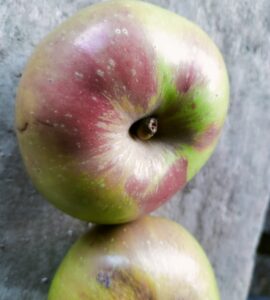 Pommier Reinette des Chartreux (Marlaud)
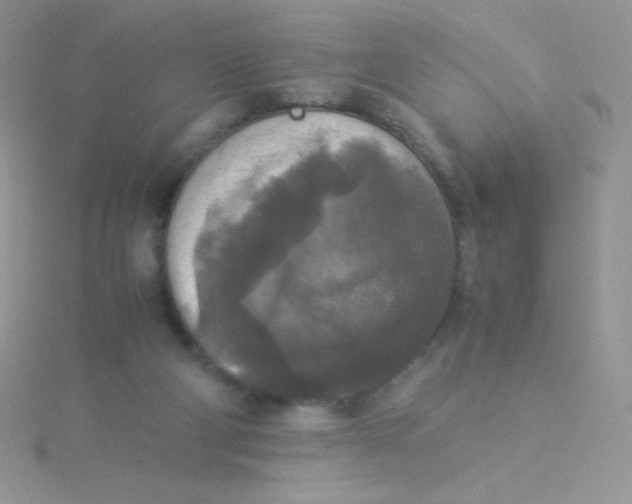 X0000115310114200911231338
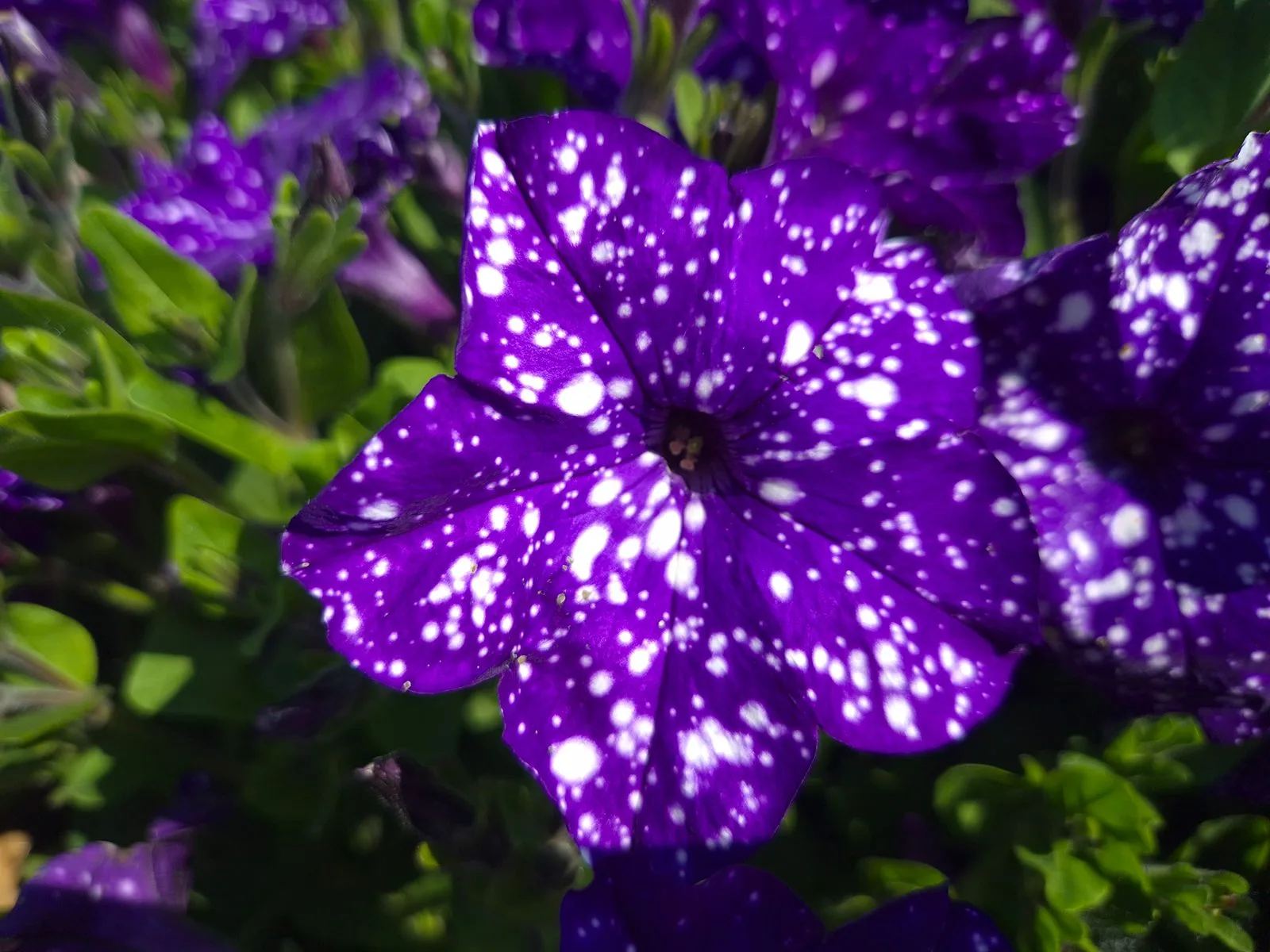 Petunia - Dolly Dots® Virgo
==
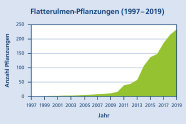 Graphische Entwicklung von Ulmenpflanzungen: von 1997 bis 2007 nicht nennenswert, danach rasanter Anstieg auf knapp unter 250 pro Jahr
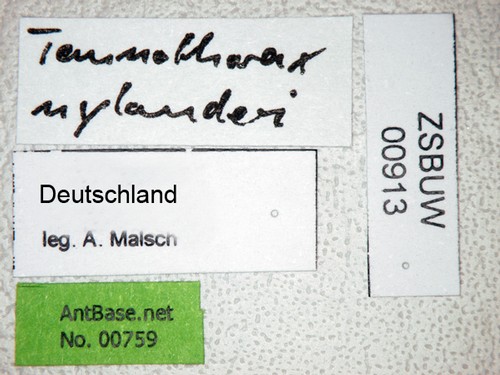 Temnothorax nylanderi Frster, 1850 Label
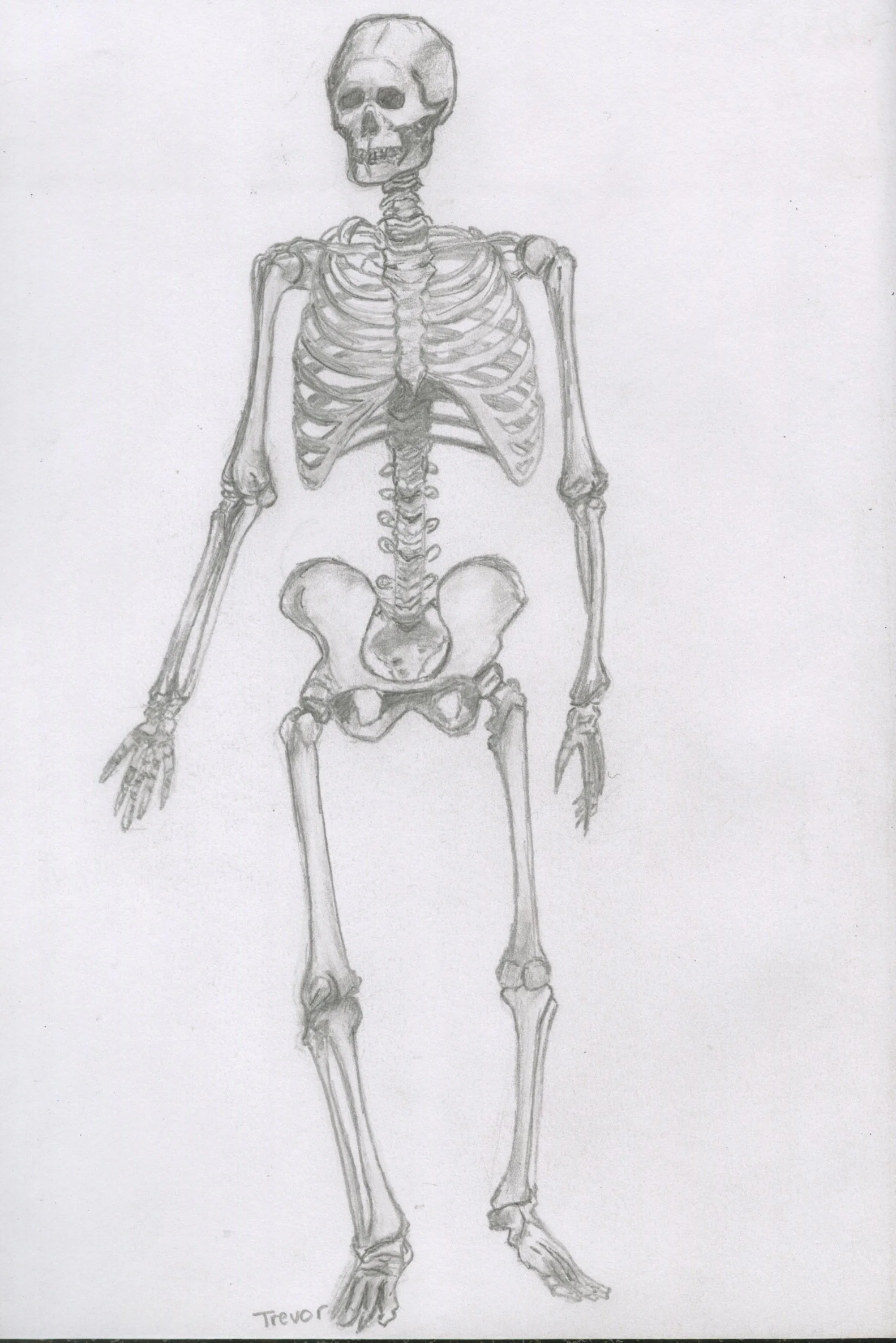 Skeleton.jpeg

* ABOUT THIS EXERCISE *
Copy word for word the lines above, starting at the line containing "Graphische Entwicklung von" and ending at the line containing "Skeleton.jpeg", inclusive, with no pictures.

* EXPECTED OUTPUT *
 Graphische Entwicklung von Ulmenpflanzungen: von 1997 bis 2007 nicht nennenswert, danach rasanter Anstieg auf knapp unter 250 pro Jahr
 Temnothorax nylanderi Frster, 1850 Label
 Skeleton.jpeg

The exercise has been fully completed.